Professor Joe Lee describes the history of the Famine Irish in New York City:
There was emigration into New York before the Famine, but it really exploded with the impact of the Famine. In the first years of 1845 to 1847, the fare to Quebec and Canada was actually cheaper than the fare to New York, but from 1847 on they poured into New York City. New York was growing dramatically at that stage. It happened to be the biggest port in America. The Irish Famine influx turned it into one of the world’s great ports. From 1848 on, the Irish carved out a place for themselves in New York City – sometimes against opposition, because they weren’t just Irish but predominantly Catholic coming into a predominantly Protestant city. That could lead to tensions. And of course, they were very poor for the most part. Many of them were on the verge of starvation when they arrived. They had to claw their way up.
There was assistance. There was assistance from the Catholic Church, and from better off New Yorkers, sometimes Irish Protestants, in fact. But mostly it was a desperate struggle upwards. It took a generation for the Irish to establish themselves as very heavy hitters in New York politics. If you remember that by 1855 when the next census was taken after the Irish Famine migration, that the population of Manhattan, which was then the core of New York, over 25% was Irish born. It was also a 50-50 ratio of Irish male and female emigrants. That was one of the great striking features of Irish emigration to America. Most other European emigrants came with male majorities – sometimes 2 to 1 male majorities. It was 1 to 1 in Irish-America, which meant that they could intermarry. And so you have the persistence of Irish-America for much longer than other hyphenated-Americans.
By the 1870s, after the Civil War, their command of politics – because they knew politics from Ireland at a mass level from Daniel O’Connell on – from the 1870s to the 1930s, Irish politicians dominated New York politics. That was based on the number of Famine emigrants, the gender balance, and it was based on the capacity of the Irish to work their way up. They didn’t arrive there by politics alone. They arrived there because they were extremely good workers, extremely hard workers. New York was expanding very rapidly, growing in population, and the Irish flocked into the building industry. Because it was growing in wealth, a lot of the households of middle class America wanted servants.
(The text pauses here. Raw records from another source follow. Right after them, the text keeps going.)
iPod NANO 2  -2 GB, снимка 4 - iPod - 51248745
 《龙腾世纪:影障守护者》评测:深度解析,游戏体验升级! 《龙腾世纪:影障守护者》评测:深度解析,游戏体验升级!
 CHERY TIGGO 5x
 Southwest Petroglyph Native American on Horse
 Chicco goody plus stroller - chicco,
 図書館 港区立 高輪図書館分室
Of course, Irish women coming over, they had some English, and they were extremely good workers.
The Irish dominated major segments of the New York labour market by 1870s. That allowed them to become central to New York politics. Certainly from the 1870s to the 1930s and the Second World War, the Irish demonstrated considerable political ability and political capacity – much of which they had brought from Ireland with them. We forget just how advanced in political participation – not in political liberty – the Irish were because of the struggle with the English in many respects, compared with many European countries. So the Irish were at the cutting edge of a great deal of what happened – most of it good, some of it not so good, but most of it good in New York since the Famine. It is a tremendous legacy.